↓↓↓

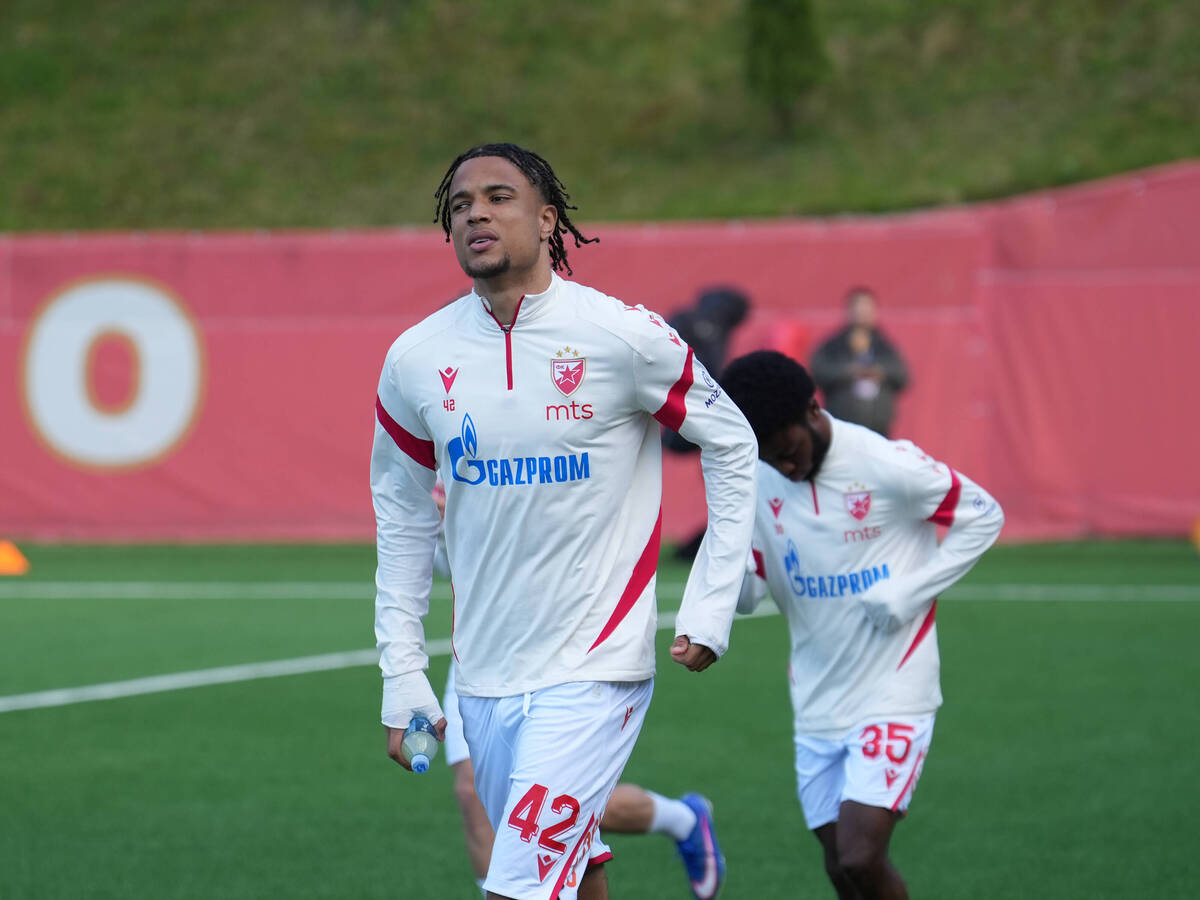  Crvena zvezda ima ponudu za Džeja Enema 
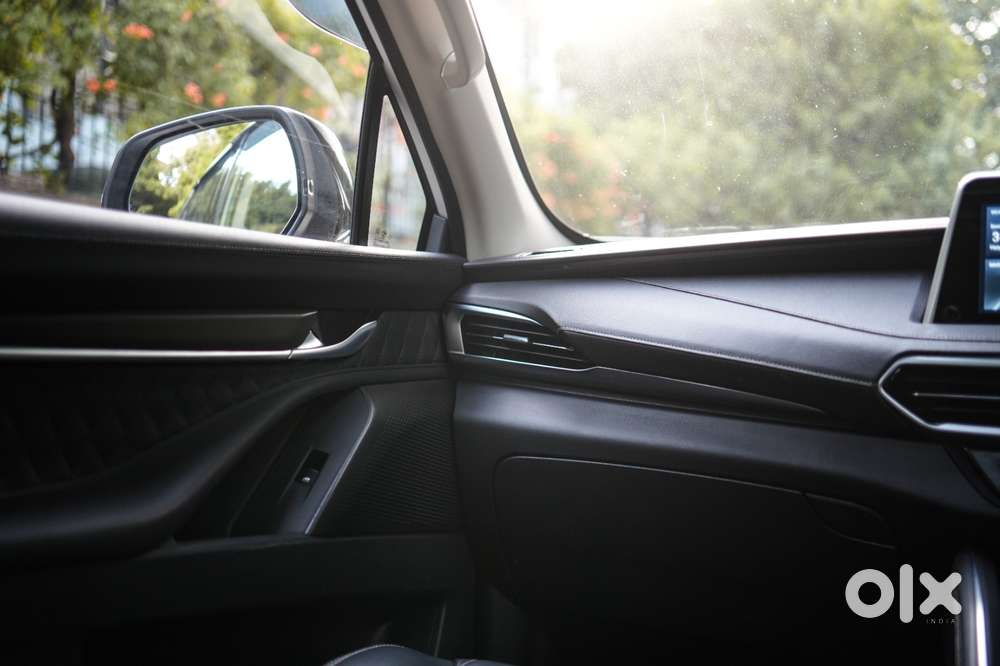 Mg Gloster Savvy 7 Seater, 2024, Diesel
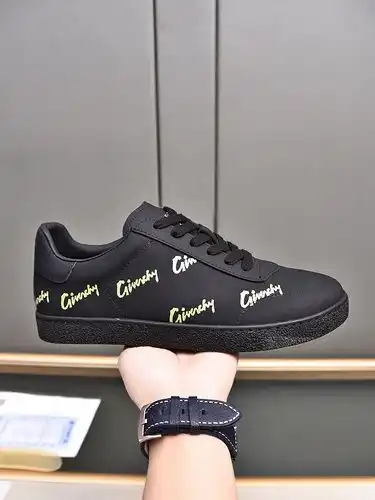 Código del modelo de los hombres de Givenchy poo1yupoo8B3boo Tamaño 384445 46 se puede personalizar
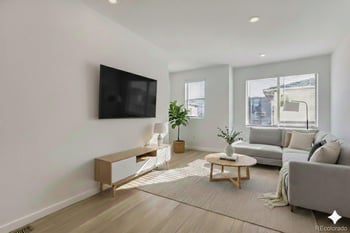 15344 69th Ave, Arvada, CO 80007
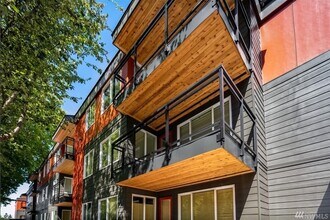 Building Photo - Beautiful Sand Point Condo with Pool & Garage Parking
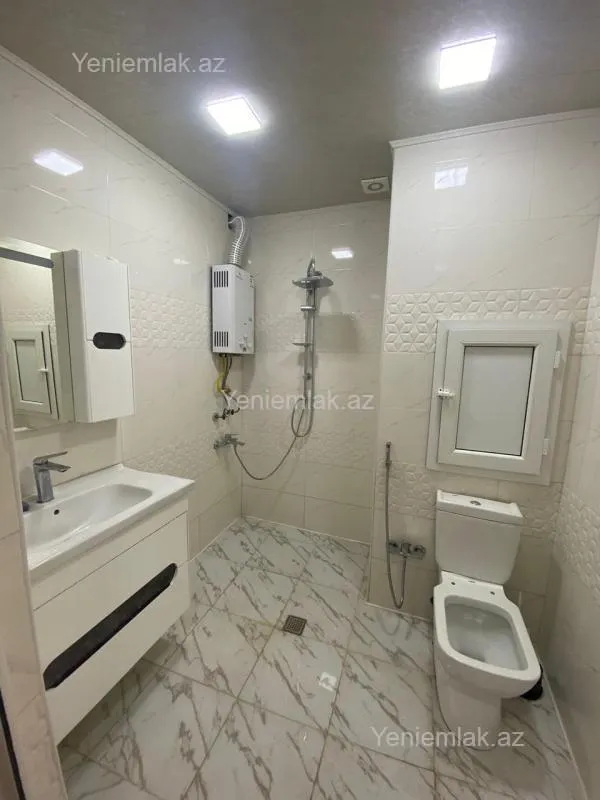 Satılır 3 otaqlı köhnə tikili 95 m²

↑↑↑

### What the task asks
The copy should match the records above exactly, except that pictures are dropped.

### Finished task
  Crvena zvezda ima ponudu za Džeja Enema 
 Mg Gloster Savvy 7 Seater, 2024, Diesel
 Código del modelo de los hombres de Givenchy poo1yupoo8B3boo Tamaño 384445 46 se puede personalizar
 15344 69th Ave, Arvada, CO 80007
 Building Photo - Beautiful Sand Point Condo with Pool & Garage Parking
 Satılır 3 otaqlı köhnə tikili 95 m²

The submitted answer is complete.